These extracts from that report show that the statesmen of Great
Britain did not entertain the liberal notions of trade and
navigation which then prevailed in the United States. They were
brought up under an opposite policy, which had long prevailed --
probably very proper at first, as a war measure, to break up the
carrying trade of the Dutch, the great rival of Great Britain; but
it had become with most of her writers and public men a fixed
principle of the protection which each nation should give to its
trade and navigation against the competition of other nations. We
do not intend to enter upon that discussion. But in confirmation of
those differences of opinion concerning trade and navigation which
at that time existed between American and British statesmen, we
refer to Lord Sheffield's contemporary strictures on the necessity
of inviolably
Page 51 U. S. 166
preserving the navigation and colonial system of Great
Britain.
Pursuing the point, however, that the stand originally taken by
the United States has contributed to the present extended
reciprocity of navigation between nations, we remark that the
example of England towards the United States had directed the
commercial policy of all the other nations of Europe with which the
United States then traded. The utmost that could be gained from
France, Spain, Portugal, the Netherlands, Denmark, and Sweden was
that our commerce with them should be put upon the footing of the
most favored nation. That, however, was very short of what the
United States had proposed to Great Britain and the other nations
just mentioned.
Those nations, yielding to the commercial supremacy of Great
Britain, had not then made an effort to release themselves from it.
Nor were they in a condition to do so. In three years afterwards,
the intelligence and enterprise of the United States, unsubdued by
past failures, induced them to renew their efforts to gain a more
extended trade and navigation. Mr. Jefferson, then Secretary of
State, made a report to Congress upon the subject. It has the
ability of every paper written by him in his long political career.
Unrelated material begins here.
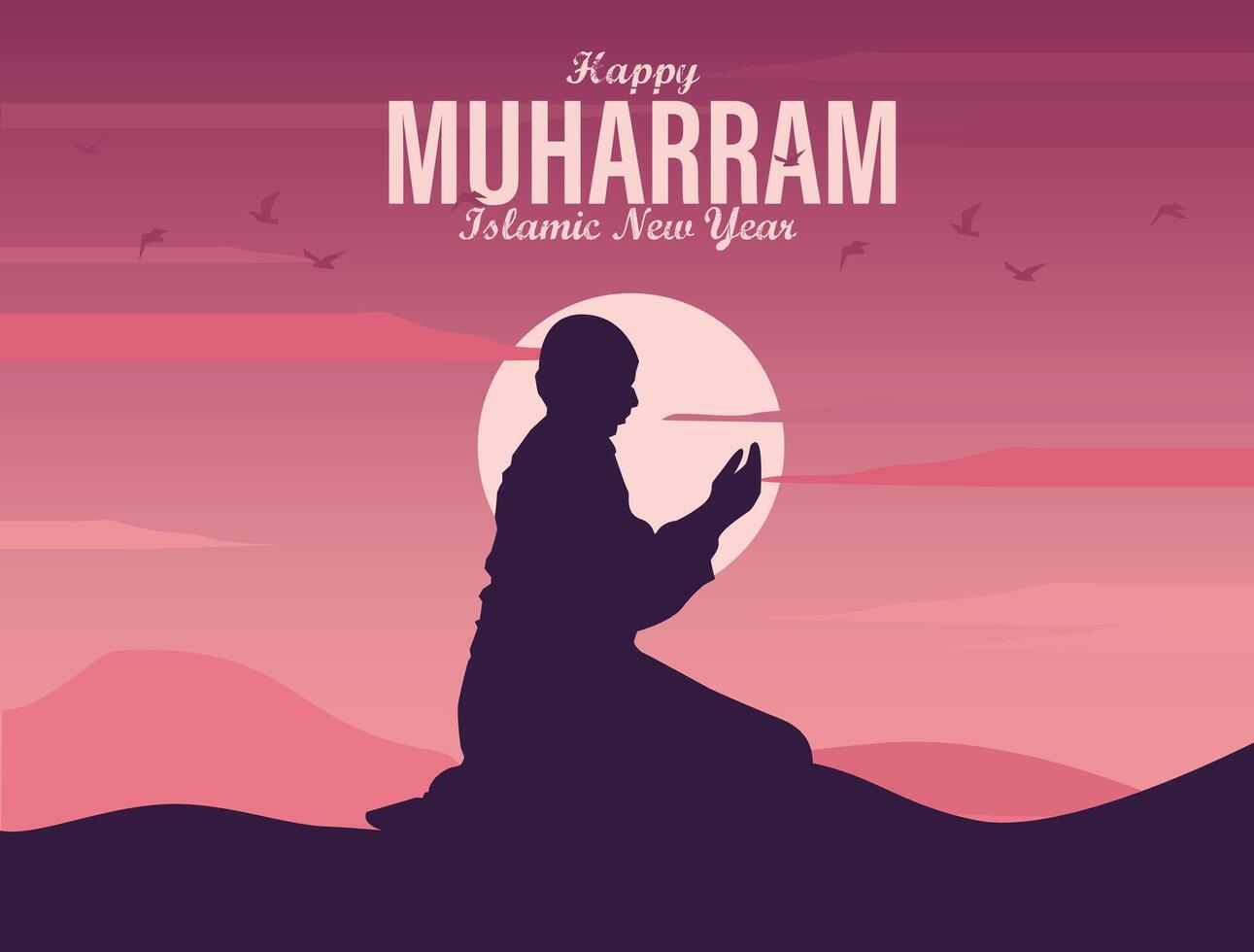 vector of a muslim silhouette praying in desert field sunset of the Islamic new year of muharram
Mr. Forsyth says that it suggested,
"First, friendly arrangements with the several nations with whom
the restrictions existed, or separate acts of our legislation to
counteract these defects. The end proposed to be attained by the
first would have been a free commerce of exchange between the
different nations in those descriptions of commodities which nature
had best fitted each to produce, subject to such modifications as
purposes of revenue might render necessary, and it was supposed
that its operation would be an exchange of the raw materials then
produced in the United States, either for manufactures which had
received the last finish of art and industry or mere luxuries.
Failing this, the alternative of statutory prohibitions and
countervailing duties and regulations was to be applied."
Report of the Secretary of State to the Senate, 30 December,
1839. Upon the earlier state papers and newspaper essays already
mentioned -- the report of Mr. Jefferson, another by Mr. Hamilton
which preceded it, and the proposals of Mr. Adams in 1785 -- we
rest our assertion that the United States were in advance of other
nations in respect to the principles by which commerce and
navigation should be conducted between nations. The refusal of
Great Britain to meet our proposals in a corresponding spirit
proves it. From what has been said it must be admitted also that
from the beginning, the countervailing commercial legislation of
the United States has been strictly
Page 51 U. S. 167
retaliatory. If further proof of either were wanting, it may be
found in the correspondence of Mr. Jay, connected with his
negotiation of the treaty of 1794 with Great Britain, and in the
treaty itself. As all of us know, the restrictions which were put
upon our commerce by that treaty were offensive to the pride as
well as the interests of the American people. But being the utmost
that England would yield at that time of her own long established
system, it was thought that the exigencies of our commercial
condition required its ratification. Results proved it to be so. It
did not reciprocate in any way the liberal views of commerce which
had been indulged in the United States. But we now know that it was
the most that could be got, and history not only relieves Mr. Jay
from the complaints of that day but places his memory far above
them.
Notwithstanding the failure of every effort to place our
navigation and commerce upon a better footing, nothing was done
legislatively by the United States from which it can be said that
there was any departure from the liberal policy which had been
proposed to other nations. The natural advantages of the United
States, the value of our productions, and the wars in Europe aiding
the consumption of them were constantly overcoming foreign
exclusions, and kept us forbearing, if not always in good temper.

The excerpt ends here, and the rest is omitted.